Cibo, Amore e Resilienza sono il filo conduttore di questa commedia “spanglish” del 2001. Vediamo ora di analizzarli più da un punto di vista emozionale, neuronale e comportamentale.
CIBO
Il cibo che mangiamo influisce su ciò che pensiamo, diciamo e facciamo. Attraverso quello che ingeriamo, mediante l’atto della nutrizione, possiamo raggiungere il massimo delle capacità, prestazioni, piaceri oppure porre un limite all’intelligenza e alla soddisfazione. Costituzione, condizionamento e ambiente influiscono sulla nostra biochimica e per essa e per il nostro comportamento, la cosa più importante è ciò che mangiamo. Attraverso il cibo noi nutriamo anche le cellule del nostro cervello.
Un’ alimentazione sana e centrata produce un funzionamento del cervello sano, integrato e appagato, mentre un’alimentazione sbagliata crea un disturbo biochimico che si ripercuote negativamente, sia sul sistema nervoso che sul comportamento. Quando ciò che mangiamo non è in equilibrio, il funzionamento delle nostre cellule neuronali è fortemente disturbato, e questa situazione crea caos mentale e fisico.
AMORE
Cucinare è un atto d’amore che noi facciamo per noi stessi e per gli altri; il cibo e la cucina sono strumenti per veicolare precisi significati sociali e psicologici. La funzione di mero nutrimento è marginale rispetto ai numerosi risvolti di tipo emotivo che un piatto o un alimento portano con sé: il cibo dispensato dalla mamma non è solo veicolo di nutrizione, ma segno d’amore. Riprendere l’abitudine di cucinare per sé stessi è un modo per volersi bene, per socializzare e per diventare autonomi, autosufficienti.

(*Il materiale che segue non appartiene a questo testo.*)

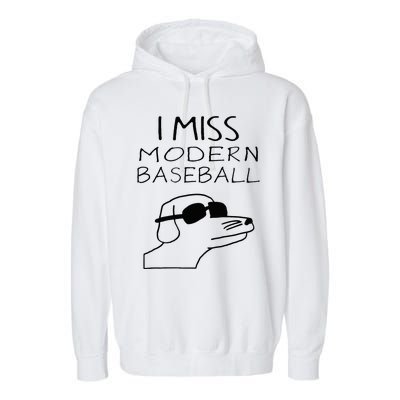 I Miss Modern Baseball Funny Dog Sport Lover Garment-Dyed Fleece Hoodie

Impariamo ad uscire fuori dai ritmi della vita frenetica quotidiana che ci portano a cucinare sempre meno, a cercare piatti sempre più veloci, a comprare alimenti già lavati, già tagliati, già conditi, quasi già mangiati. Un atto così importante come quello del nutrimento, che ha origini ancestrali, non può essere volgarizzato, scambiato per occasionale, a cui non dare la giusta importanza. Nel bisogno ossessivo di essere amati e accettati, dimentichiamo la cosa più importante: rispettare ed amare noi stessi, anche attraverso il cibo che mangiamo, prepariamo, cuciniamo e presentiamo.
RESILIENZA
Avere un atteggiamento mentale positivo ci permette di vivere la vita in modo attivo, resiliente, da protagonisti e non da vittime. Le lamentele, le paure, i giudizi, le preoccupazioni rappresentano l’ostacolo maggiore al cambiamento, perché mettono in azione il nostro sistema nervoso simpatico che si attiva tutte le volte che abbiamo una percezione di pericolo.
In questa scena Martin, chiamato nel bel mezzo della cena domenicale in famiglia dall’amico Tony a risolvere un problema urgente per un pasto importante, da una prova magistrale di grande lucidità e resilienza.
Un esempio concreto di ciò? La negatività dei “Media” tarati principalmente alla divulgazione di notizie negative. Il giornalismo di oggi è molto basato sull’informare il pubblico di ciò che accade nel mondo in termini di eventi gravi. Queste notizie sono maggiormente percepite dalla nostra neurocezione (processo automatico di analisi dell’ambiente che valuta se siamo in una situazione di pericolo o di sicurezza), rispetto agli eventi positivi, ma ciò determina un azzeramento delle nostre capacità analitiche, con tutto ciò che ne consegue.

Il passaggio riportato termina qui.